The mischievous deviousness of Jeremy Cronin

By: Gareth van Onselen


7 June 2012

The number of intellectuals within the ANC and the alliance is rapidly in decline and that is perhaps to be expected, demagoguery engenders populism, not considered thought. And so most of them have either run scared or been chased away. Thus, over the past few years, we have seen the rise of popular and, often, unthinking rhetoric. We are subjected to the painful experience of watching Jacob Zuma bumble through an interview, or Blade Nzimande stitch together a raft of incomprehensible socialist gobbledygook, or Irvin Jim savage reason, or Julius Malema butcher logic. It’s all rather excruciating.

And so I have a certain amount of time for Jeremy Cronin. Say what you want about his ideological belief system, at least he is vaguely coherent. His latest missive, however, seems to suggest he too has fallen victim to the stupefying effect of the ANC’s love affair with all things intellectually vacuous.

Amid a myriad misrepresentations, one particular piece of intellectual deviousness stands out: the way in which Cronin misrepresents liberalism in a convenient but dishonest way. The general thrust of his proposition is the following: ‘liberalism’ is responsible for a great many evils in South Africa’s past and so, we should dismiss it and certainly dismiss those that would advocate it today. It’s the kind of logic a child would employ: I believe your friend bullied me, therefore you are a bully. Wrong on the facts and wrong on the assumptions he makes from those misrepresentations.

Well, two can play that game. How’s this for a statement: socialism and the pursuit thereof have been responsible for a series of belief systems which, over the course of human history, have in turn seen millions of innocent people brutally tortured, deprived of their basic human rights, dehumanised and murdered, so people should dismiss the idea as flawed and dangerous.

I can see Cronin jumping to his feet with a thousand explanations. That wasn’t socialism. It was a perversion. You are simplifying the complex. You don’t understand.

Whatever, Jeremy; if you want to go around blaming ideologies for people’s behaviour and, from there, to project a range of false assumptions about its nature, take a long hard look in the mirror because there are very few modern ideological belief systems that have produced the kind of mass murder and brutal bloodshed that Stalin and Mao were responsible for, all in the name of socialism.
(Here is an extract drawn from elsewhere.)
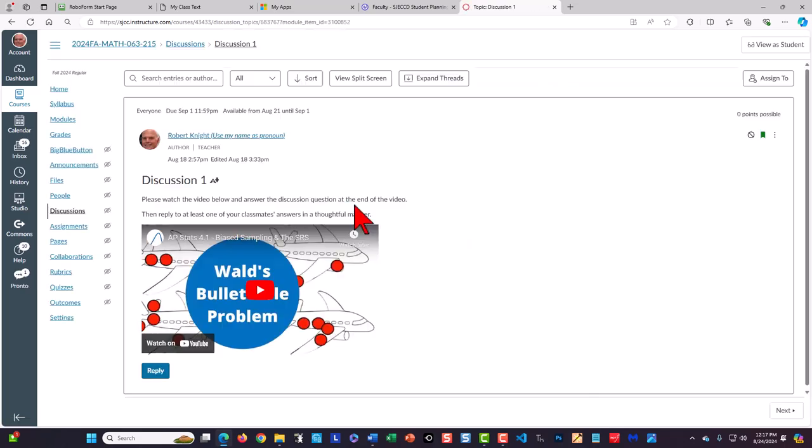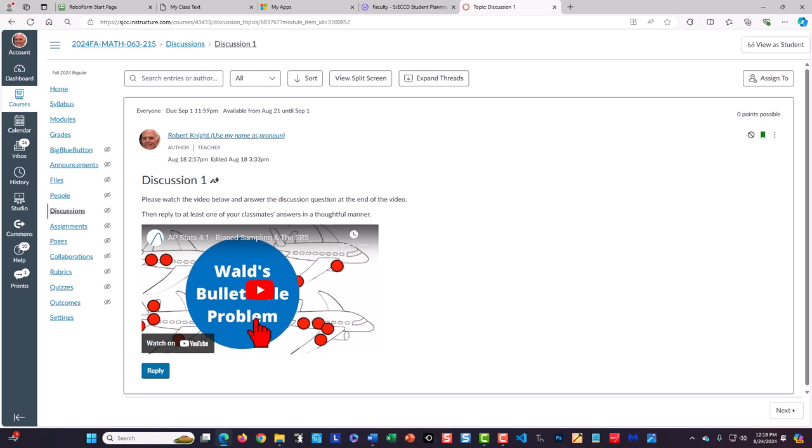You will be asked to watch the video in the discussion item and then after watching the video answer the discussion question posed in the video. At the end of the video then click the reply button.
If anyone has some historical explaining to do, it’s the SACP. Indeed, the question I pose is a far more pertinent one because, as has repeatedly been demonstrated – again, and again, and again – socialism leads inevitably to dictatorship; if not, the complete and utter impoverishment of those people over whom it is imposed.

Perhaps it’s time for some of those explanations. I wonder, what does the SACP think of Mao? Of Stalin? Of North Korea? Pol Pot? The gulag? The trials? The torture? The poverty? Where are its statements condemning those historical and current aberrations? Good luck finding them. No, it’s fine quietly to advocate socialism to South Africa in a kind of blissful ahistorical and amoral bubble, as if it has no context – and then to go around preaching to others? Please. The SACP couldn’t be more morally compromised if it tried. It’s disgraceful really.

It’s a bit like having a modern day proponent of Lebensraum heckling from their moral soapbox without so much as a nod in history’s direction. Where’s the integrity?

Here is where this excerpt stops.